• Data listing
<<<<
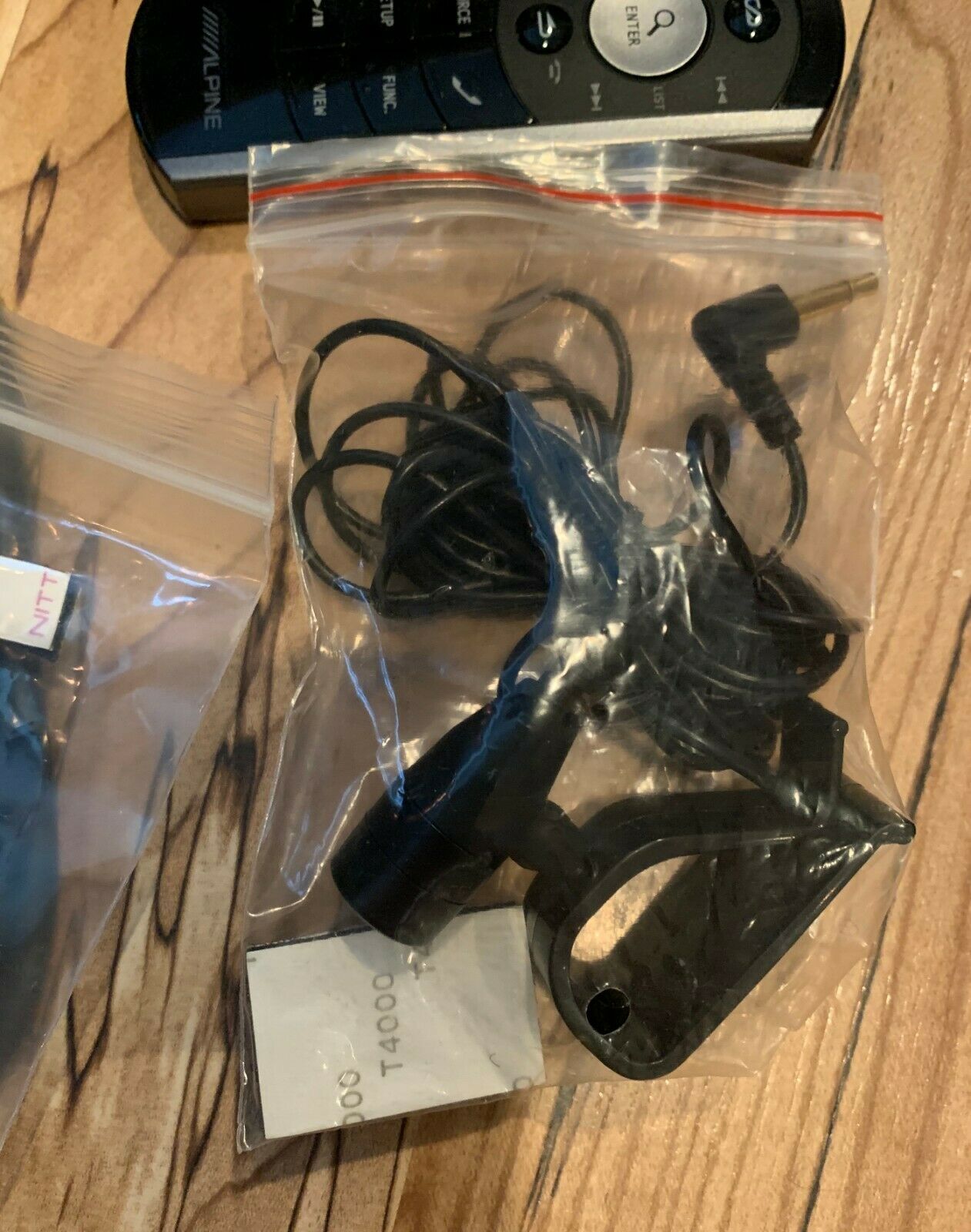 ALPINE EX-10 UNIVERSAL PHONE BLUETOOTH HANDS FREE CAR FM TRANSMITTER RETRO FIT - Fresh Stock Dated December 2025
>>>>
<<<<
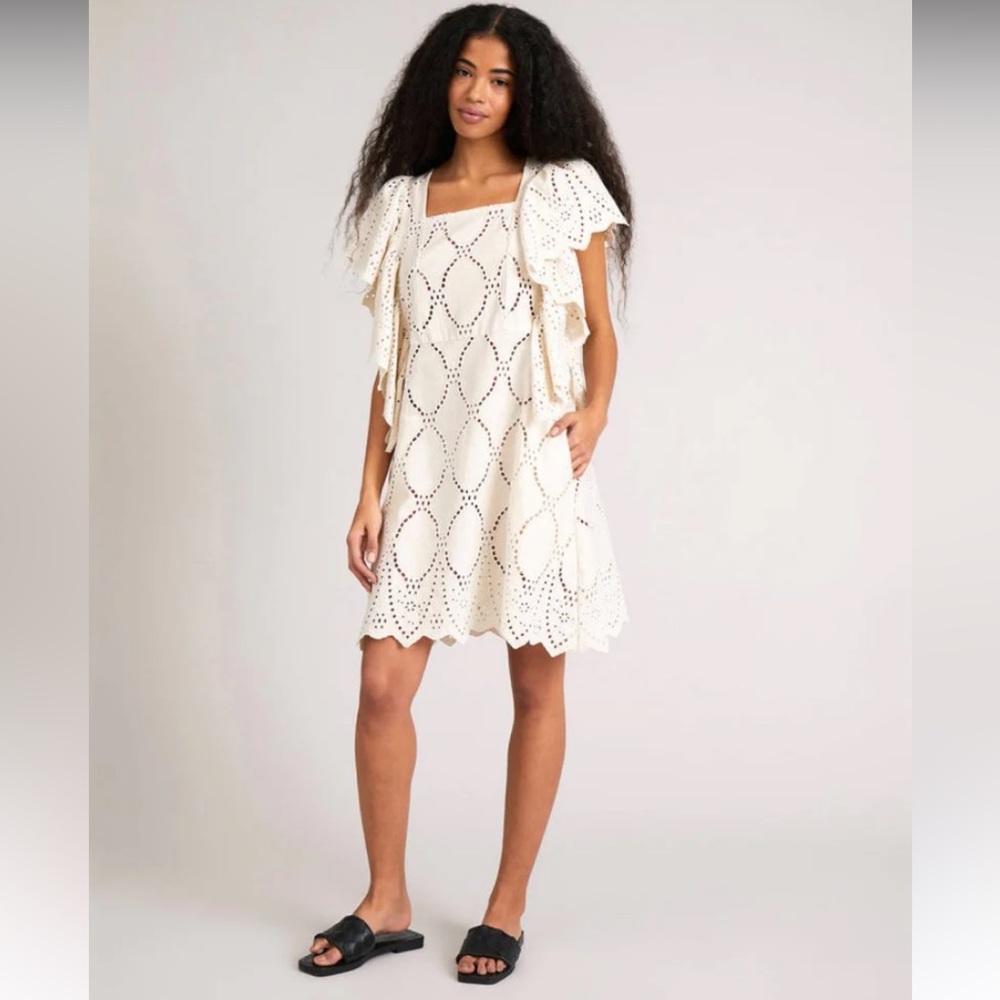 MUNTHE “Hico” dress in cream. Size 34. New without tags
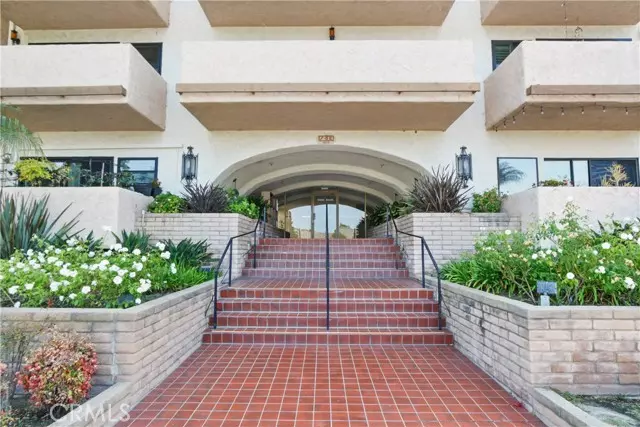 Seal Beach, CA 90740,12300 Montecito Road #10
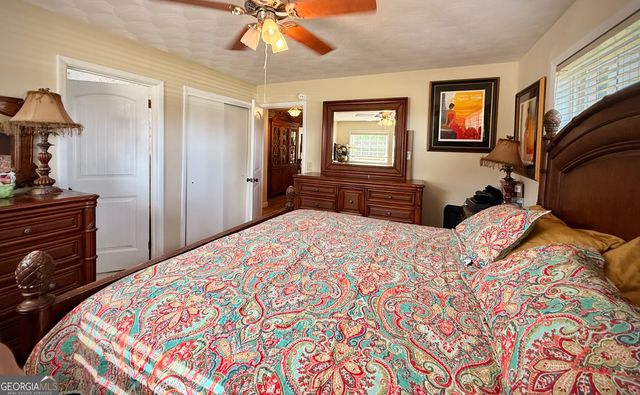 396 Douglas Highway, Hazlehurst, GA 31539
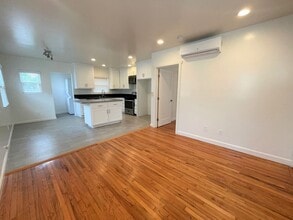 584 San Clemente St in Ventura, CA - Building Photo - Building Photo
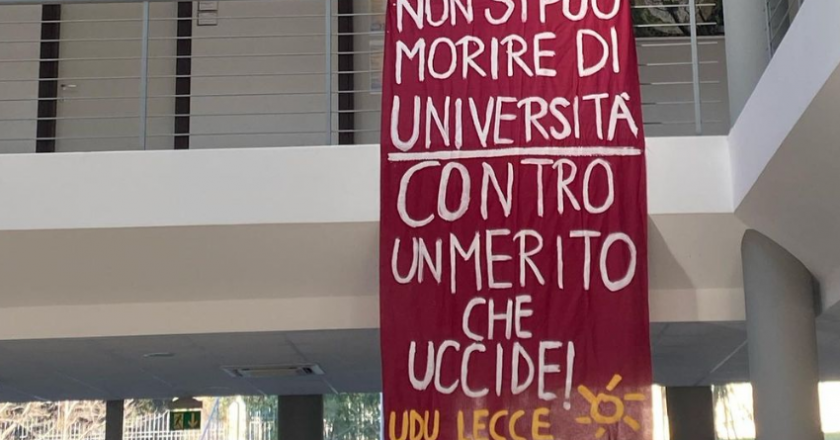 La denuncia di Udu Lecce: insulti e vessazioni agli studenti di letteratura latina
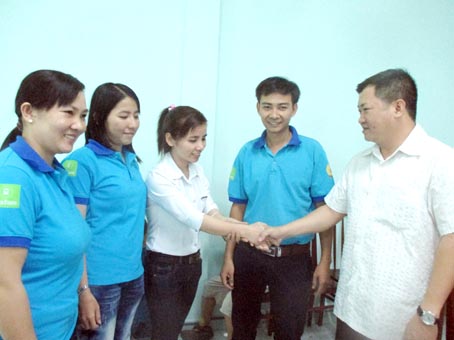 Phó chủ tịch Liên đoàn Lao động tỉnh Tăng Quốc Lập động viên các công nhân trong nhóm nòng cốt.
>>>>
• Work order
Only the lines starting at the one with "396 Douglas Highway, Hazlehurst, GA 31539" and ending at the one with "Phó chủ tịch" should be printed, each exactly as it appears in the material above; the pictures are to be omitted.

• Task solution
 396 Douglas Highway, Hazlehurst, GA 31539
 584 San Clemente St in Ventura, CA - Building Photo - Building Photo
 La denuncia di Udu Lecce: insulti e vessazioni agli studenti di letteratura latina
 Phó chủ tịch Liên đoàn Lao động tỉnh Tăng Quốc Lập động viên các công nhân trong nhóm nòng cốt.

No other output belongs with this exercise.